WHY do parents feel they don’t have enough time with their children?
Our studies find that 75% of parents feel they do not have enough time with their children, up from 66% in 1992. Are these feelings accurate? Our studies—and other studies—show that mothers are spending as much time with their children as they did in the 1970s. And fathers—especially Gen X fathers and Millennial fathers—are spending a lot more time with their children than fathers did in the 1970s.
WHY do children feel less deprived of time with their parents than the parents feel?
Our studies find that 67% of children 8 through 18 years old say they have ENOUGH time with their mothers and 60% say they have ENOUGH time with their fathers. One might think that children, especially older children, don’t want to be with their parents as much as parents want to be with them. But our studies show that it is older children—more so than younger children—who want more time with their parents. In fact, among children 13 through 18, 49% say they do NOT have enough time with their mothers and 64% say they do NOT have enough time with their fathers. Children 8 through 12 are also more likely to want more time with their fathers.
These are WHYS the Families and Work Institute seeks to try to answer through research.
MAYBE it’s that we tend to think about the amount of time we spend with children as separate from what happens during that time—quality time versus quantity time.

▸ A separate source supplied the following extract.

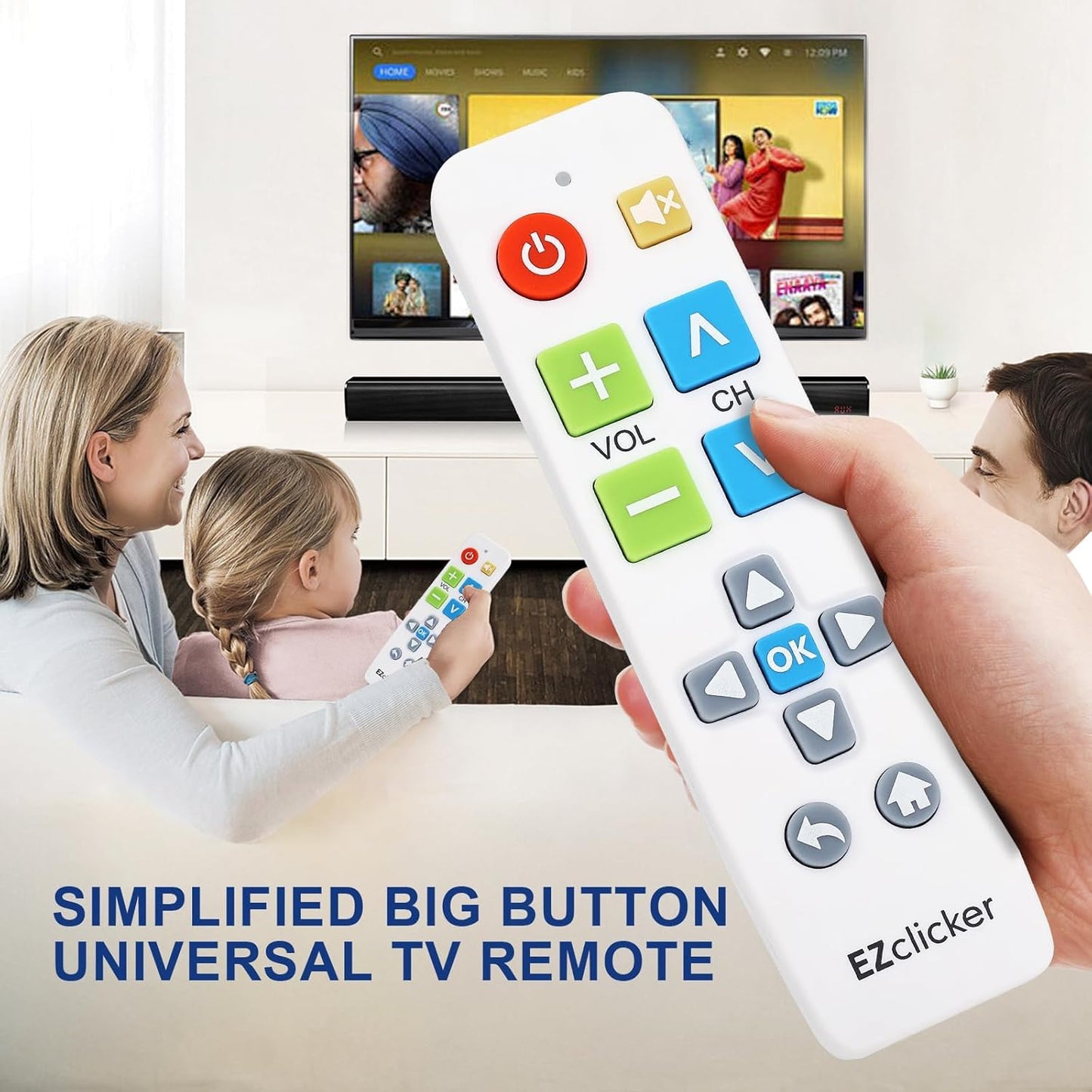 Big Button Universal TV Remote (Black) – Simple, Accessible & Smart Control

Children don’t tend to see the amount of time and what happens during that time as separate. In one study, if given one wish to change the way a parent’s work affects their lives, the largest proportion of children did not wish for more time together—as the majority of parents thought they would. Children wished their parents would be less tired and stressed.
As well, our studies find that children would replace the concepts of “quality time” and “quantity time” with “focused time” and “hang-around time.”
MAYBE our concepts of time haven’t evolved from industrial era concepts to information era concepts.
We feel pressured to keep that factory line moving--to keep running that marathon, especially when so many of us have electronic tethers to work. However, our studies show that as parents, we feel less conflict between work and family lives when we feel we can really focus on our children AND on ourselves.
WHY NOT reinvent our concepts of time so that we are not always chopping time up into packed little intervals? Instead, try to create some time when we are hanging out and some when we are focusing on each other. It’s about time we do!